Sergei Ryzhkov, the head of Russia’s National Nuclear Risk Reduction Center, said that the United States and Germany will carry joint observation flight over the Russian territory within the framework of the Treaty on Open Skies.
Open Skies Treaty – one of a number of post-Cold War confidence-building measures- was signed in 1992 and went into effect 10 years later, allowing the 34 signatories to conduct unarmed observation flights over each other’s territory on short notice.
Last month the U.S. notified Russia it would not return to the Open Skies Treaty that was abandoned during the Trump administration although President Joe Biden called Trump’s move “short-sighted” during the presidential race.

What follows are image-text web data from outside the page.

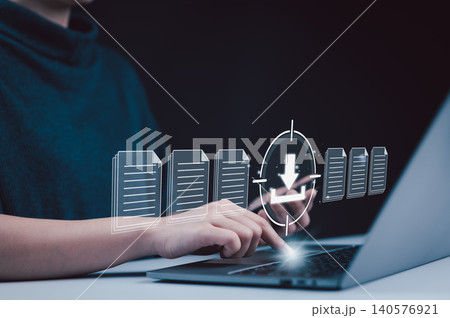 File download and data transfer technology concept. Woman using laptop and smartphone with digital file icons and download symbol, representing modern data transfer and file management. security tech, File download and data transfer technology concept. Woman using laptop and smartphone with digital file icons and download symbol, representing modern data transfer and file management. security tech, 140576921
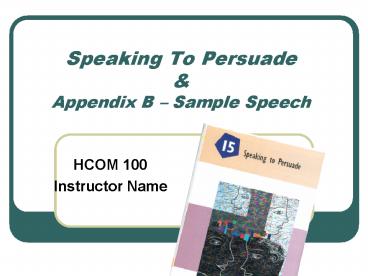 Speaking To Persuade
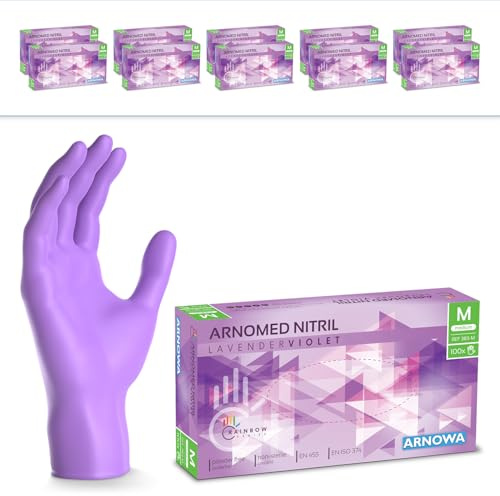 ARNOMED Guanti monouso viola, guanti in nitrile M, 2000x guanti monouso nitrile (20 scatole), guanti in nitrile senza polvere e lattice, guanti per alimenti, guanti nitrile taglie XS, S, M, L e XL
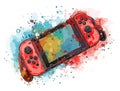 Modern portable game console in watercolor design, vector illustration, generative ai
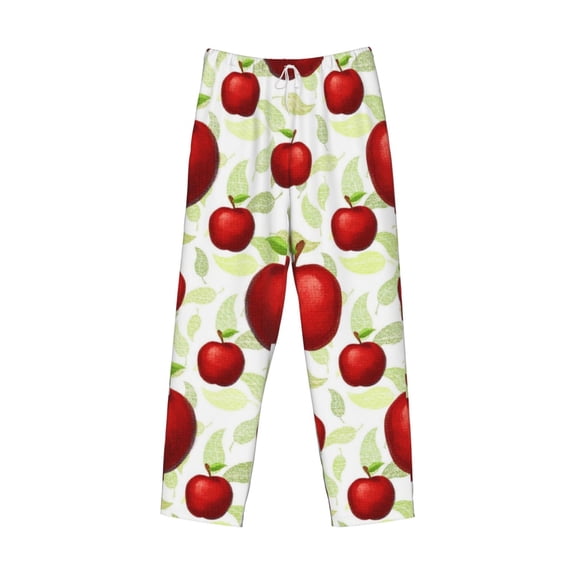 Lsque Fruit Apples Print Men's Pajama Pants, Lounge Pant - Comfortable Home Wear,Elastic Waistband, Stylish Design-Medium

Trump pulled out of the treaty quoting violations by Moscow, something that Russia denied, stressing that all of the agreement-related issues Washington raised could be discussed within the framework of the Open Skies Consultative Commission.
The U.S. started the withdrawal procedure on May 2020 and the procedure was completed on 22 November while the Russian Foreign Ministry announced relevant reciprocal procedures on 15 January.